Quelle est donc la caractéristique de la communication à travers l’écrit ?

   E. CHARMEUX aborde ce problème en opposant la communication directe caractéristique de l’oral à la communication différée propre à l’écrit. Ces deux types de communication auraient un fonctionnement différent relatif à un déplacement du référent: En situation de communication directe, le référent se trouve à l’intérieur de la situation, créant entre les partenaires une connivence qui pennet l’implicite, notamment en ce qui concerne les catégories de temps, de lieu, de personne. Par contre, en situation différée, le référent devient extérieur à la situation et la compréhension n’est possible que par une explicitation de ces catégories c’est-à-dire par un autre type de fonctionnement linguistiques. Ainsi, pour E. CHARMEUX, écrire c’est tenir le rôle d’émetteur dans une situation de communication différée, situation qui fait de la notion d’absence l’une des caractéristiques essentielles de la communication écrite. Cette notion d’absence doit être considérée, comme le souligne J. PEYTARD, comme double: en effet il y a absence du destinataire lors du travail d’écriture et également absence du scripteur lors de la réception. Pour M. FRUMHûLZ, c’est cette double absence qui va être le lit du travail scriptural 9. En plus de la prise en compte du suprasegmental, du non-verbal et du situationnel,l’écrivant va donc devoir se représenter un lecteur modèle afin de pouvoir envisager un éventuel savoir commun et de pouvoir évaluer ce qu’il est nécessaire de préciser ou pas pour que le message soit bien compris par le futur lecteur. Quand le texte satisfait aux exigences que s’est fixées le scripteur, alors il lâche le texte et celui-ci va vivre en tant que texte en l’absence du scripteur. C’est pourquoi le scripteur doit expliciter la façon dont il souhaite que soit compris son message. Le destinataire (lecteur) va quant à lui reconstruire le sens du message en l’absence de l’émetteur. Nous assistons donc, comme dans toute forme de communication, à une double construction de sens à chaque extrémité de la chaîne de communication: émission et réception. Seulement, à l’écrit, il ne peut y avoir comme à l’oral de véritable négociation. A l’écrit, il n’y a pas ce dialogue et c’est pourquoi le scripteur averti recourt souvent à une anticipation de ce que sera la réception de son récit. On ne gère donc pas son discours de la même façon dans les deux ordres.

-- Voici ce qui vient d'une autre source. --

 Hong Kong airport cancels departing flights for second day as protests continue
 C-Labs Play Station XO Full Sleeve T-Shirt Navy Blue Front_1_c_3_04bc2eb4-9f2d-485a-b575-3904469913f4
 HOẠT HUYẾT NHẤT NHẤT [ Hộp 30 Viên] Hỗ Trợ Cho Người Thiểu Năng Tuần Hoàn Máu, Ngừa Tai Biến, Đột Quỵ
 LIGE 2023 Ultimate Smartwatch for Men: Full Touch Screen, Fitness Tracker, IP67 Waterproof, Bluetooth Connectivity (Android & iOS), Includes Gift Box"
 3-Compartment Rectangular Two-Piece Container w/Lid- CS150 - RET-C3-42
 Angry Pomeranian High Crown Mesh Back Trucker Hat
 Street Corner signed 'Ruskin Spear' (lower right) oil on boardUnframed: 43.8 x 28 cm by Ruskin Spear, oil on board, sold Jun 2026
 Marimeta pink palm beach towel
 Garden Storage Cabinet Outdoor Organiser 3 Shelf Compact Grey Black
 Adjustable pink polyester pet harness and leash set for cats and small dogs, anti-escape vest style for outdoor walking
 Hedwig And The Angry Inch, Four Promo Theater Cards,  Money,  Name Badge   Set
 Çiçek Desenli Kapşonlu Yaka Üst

– Dans l’ordre oral, on parlera de polygestion dans le sens où les échanges sont co-construits au moins à deux, les participants étant présents ensemble dans le même lieu et au même moment. Nous assistons alors à un véritable dialogue avec possibilité de vérifier si le message transmis est correctement compris.
– Dans l’ordre scriptural, le discours doit être construit en l’absence de l’autre dont il faudra parvenir à se construire une image. On parlera alors de monogestion qui va consister notamment à replacer le contexte situationnel, se construire une représentation du lecteur potentiel, cerner ce qui est connu et ce qui ne l’est pas et anticiper les réactions du lecteur. Apprendre à écrire, c’est donc apprendre à monogérer son discours. Formulé différemment, c’est apprendre à gérer l’absence de l’autre, apprendre à fonctionner dans l’ordre scriptural où l’autre n’est présent en chair et en os ni à la production du discours ni à sa réception.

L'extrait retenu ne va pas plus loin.